>>>

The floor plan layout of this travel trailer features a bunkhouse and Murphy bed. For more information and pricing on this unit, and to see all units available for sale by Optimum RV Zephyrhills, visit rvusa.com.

<<<
>>>

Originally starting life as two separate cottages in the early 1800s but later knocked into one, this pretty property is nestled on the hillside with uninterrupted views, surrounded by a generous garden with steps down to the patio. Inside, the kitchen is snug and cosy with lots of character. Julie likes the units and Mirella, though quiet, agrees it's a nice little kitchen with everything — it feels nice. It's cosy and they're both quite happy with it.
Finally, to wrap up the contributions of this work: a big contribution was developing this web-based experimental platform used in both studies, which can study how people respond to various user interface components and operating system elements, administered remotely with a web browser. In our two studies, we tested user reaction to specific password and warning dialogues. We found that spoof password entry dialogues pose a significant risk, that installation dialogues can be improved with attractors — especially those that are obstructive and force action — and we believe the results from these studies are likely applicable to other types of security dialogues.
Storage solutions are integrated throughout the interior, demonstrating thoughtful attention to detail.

<<<
>>>

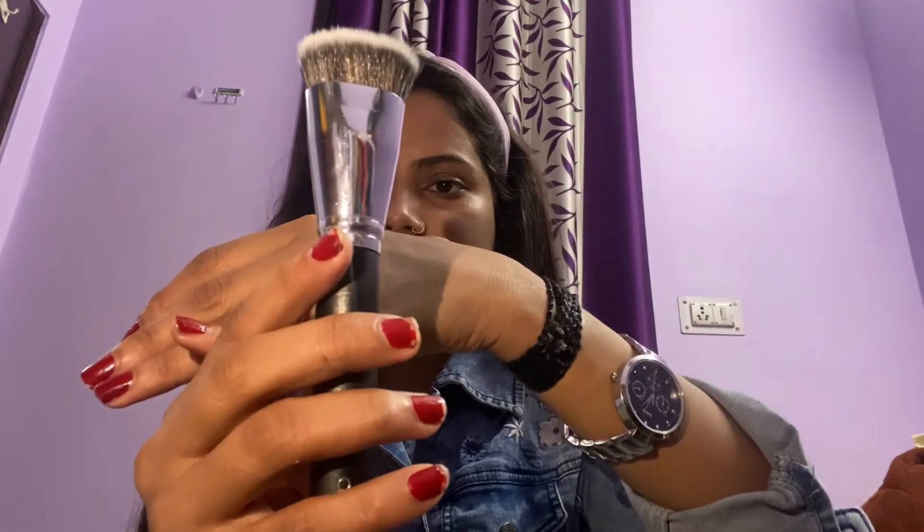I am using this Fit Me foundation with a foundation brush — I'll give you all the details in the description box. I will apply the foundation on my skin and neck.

<<<

__Exercise objective__
Starting at the line above that contains "Originally starting life", write out each line exactly until the line that contains "Storage solutions are" has been written, and stop there.

__Exercise response__
Originally starting life as two separate cottages in the early 1800s but later knocked into one, this pretty property is nestled on the hillside with uninterrupted views, surrounded by a generous garden with steps down to the patio. Inside, the kitchen is snug and cosy with lots of character. Julie likes the units and Mirella, though quiet, agrees it's a nice little kitchen with everything — it feels nice. It's cosy and they're both quite happy with it.
Finally, to wrap up the contributions of this work: a big contribution was developing this web-based experimental platform used in both studies, which can study how people respond to various user interface components and operating system elements, administered remotely with a web browser. In our two studies, we tested user reaction to specific password and warning dialogues. We found that spoof password entry dialogues pose a significant risk, that installation dialogues can be improved with attractors — especially those that are obstructive and force action — and we believe the results from these studies are likely applicable to other types of security dialogues.
Storage solutions are integrated throughout the interior, demonstrating thoughtful attention to detail.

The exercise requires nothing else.